#### TASK GOAL:
Your copy should run exactly from the line containing "809 N Marquette Pl, Sioux Falls, SD 57110" to the last line of the entries below, and it should include no pictures.

#### DATA TO PROCESS:
↓↓↓

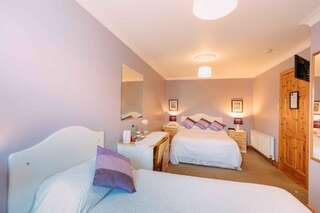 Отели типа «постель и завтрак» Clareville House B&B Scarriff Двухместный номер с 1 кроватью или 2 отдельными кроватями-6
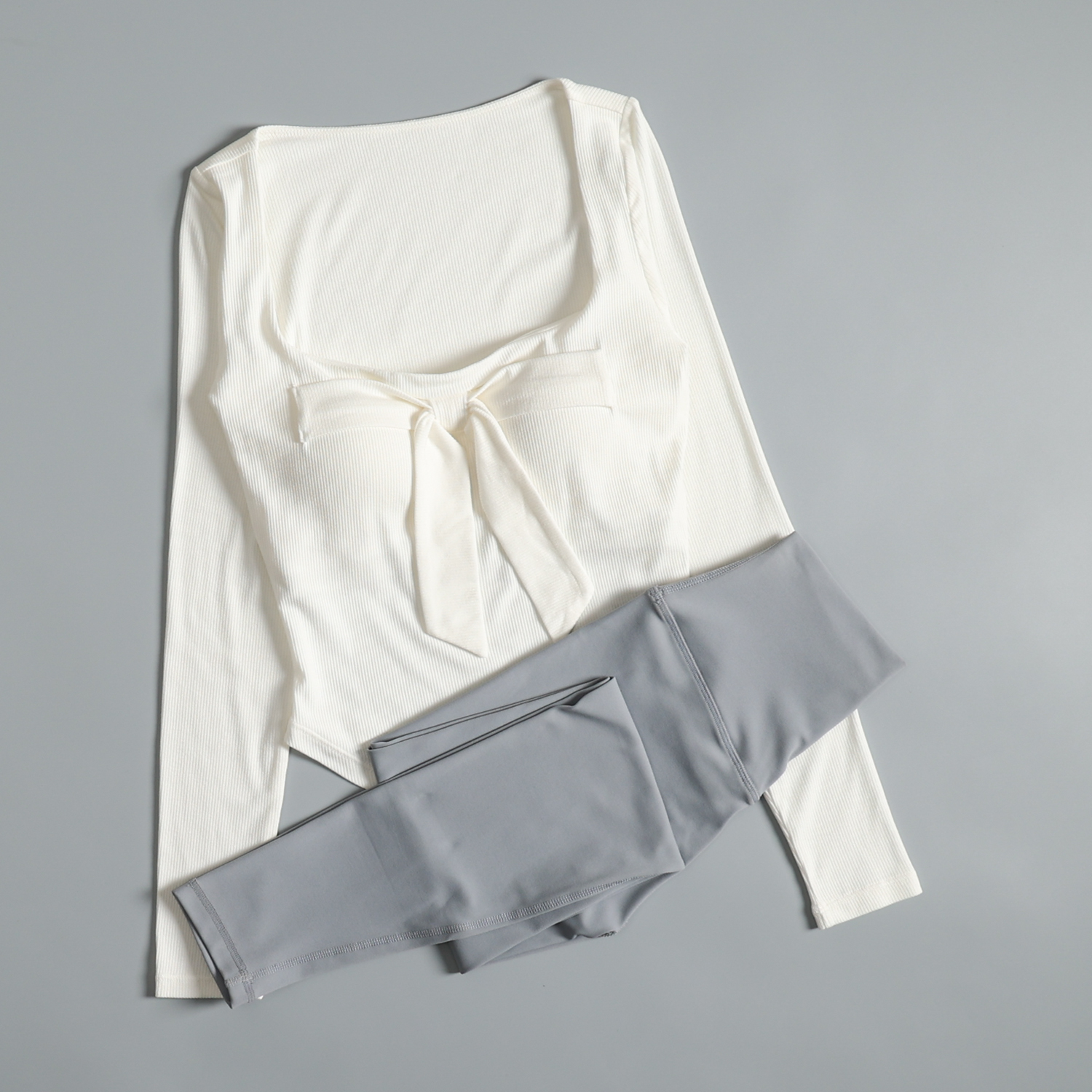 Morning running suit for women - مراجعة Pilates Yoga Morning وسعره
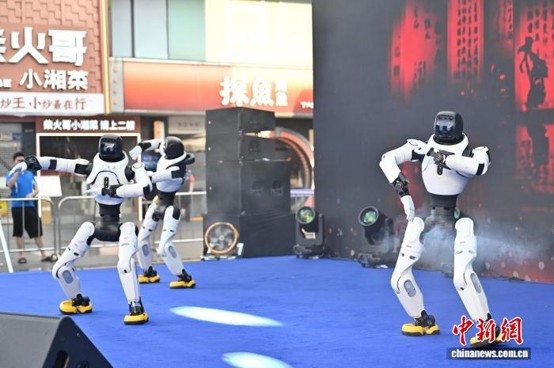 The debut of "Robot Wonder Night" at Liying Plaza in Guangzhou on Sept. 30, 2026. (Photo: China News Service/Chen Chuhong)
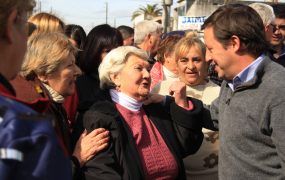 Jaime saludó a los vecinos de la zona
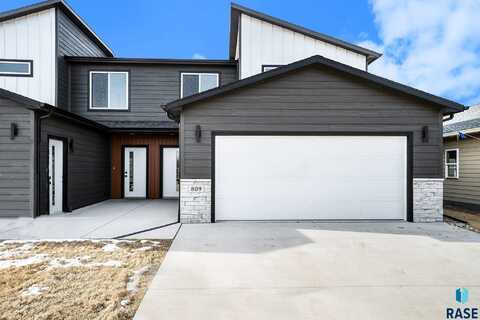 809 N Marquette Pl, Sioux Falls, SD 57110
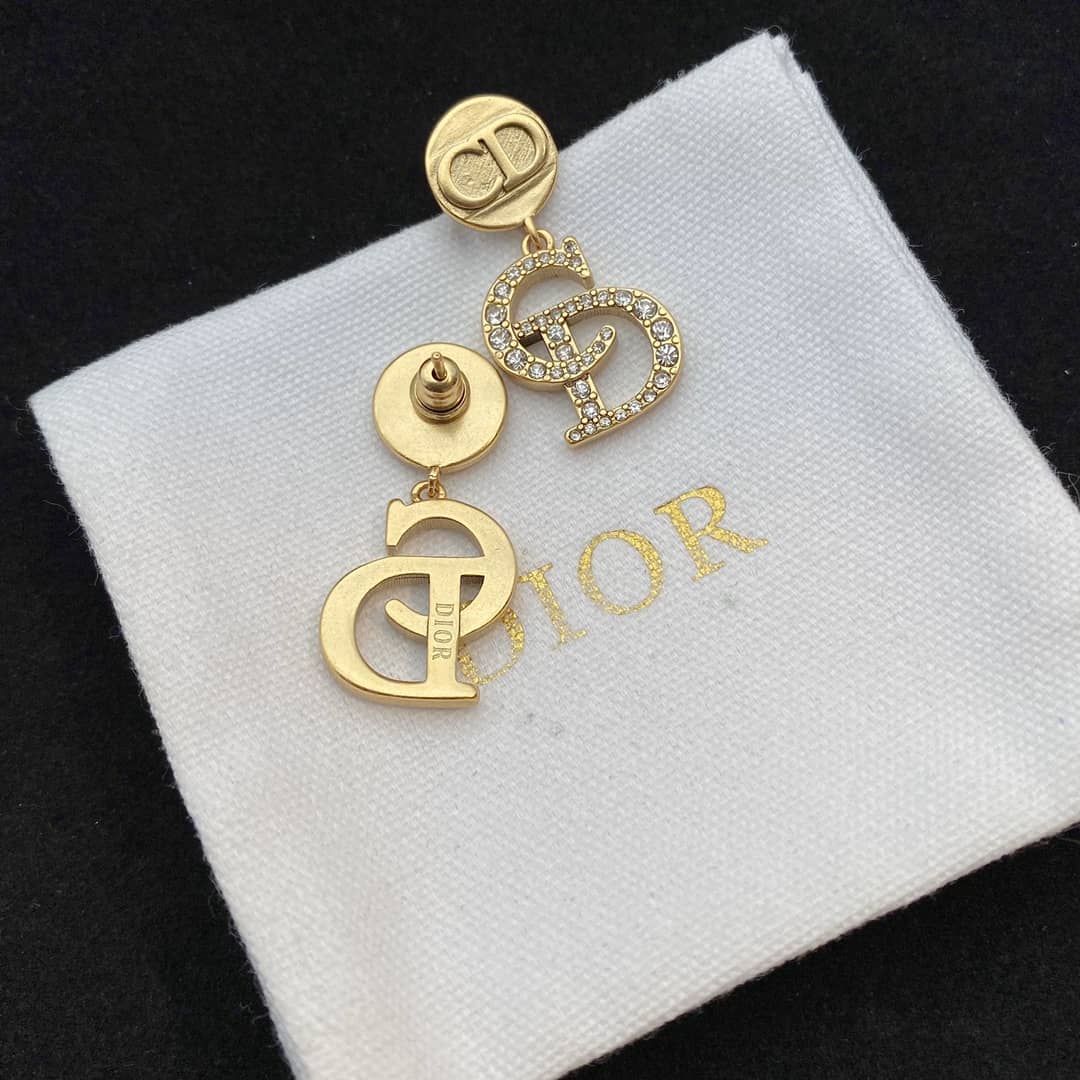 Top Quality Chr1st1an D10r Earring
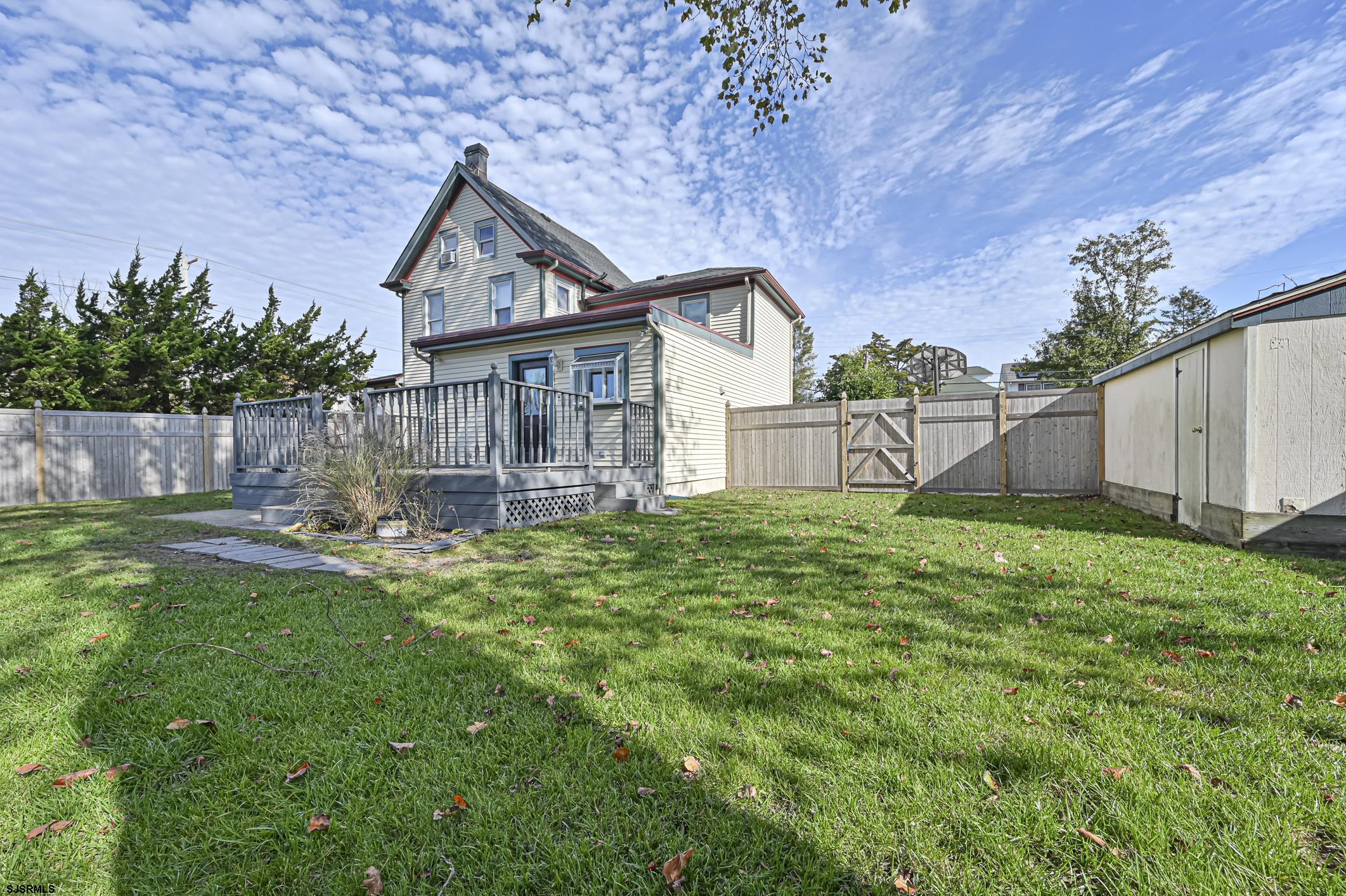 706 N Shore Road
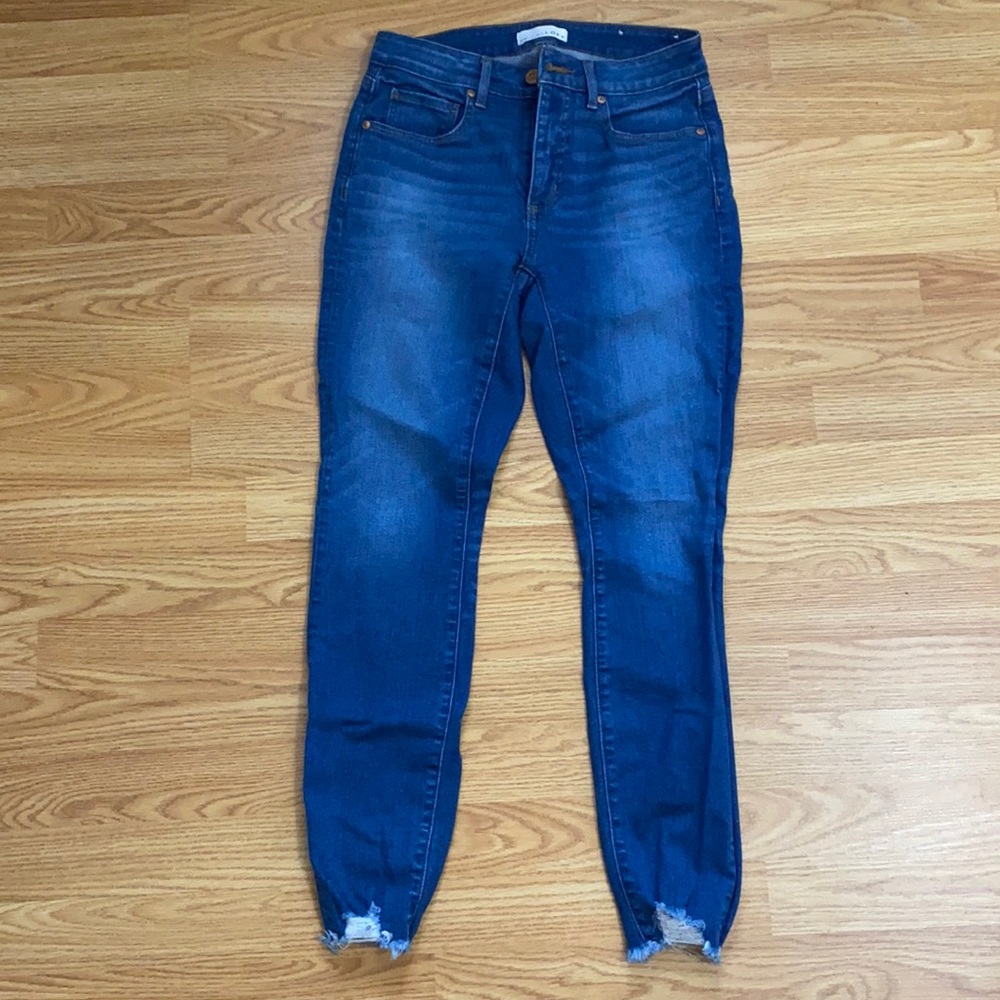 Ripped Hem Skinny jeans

↑↑↑

#### EXERCISE SOLUTION:
 809 N Marquette Pl, Sioux Falls, SD 57110
 Top Quality Chr1st1an D10r Earring
 706 N Shore Road
 Ripped Hem Skinny jeans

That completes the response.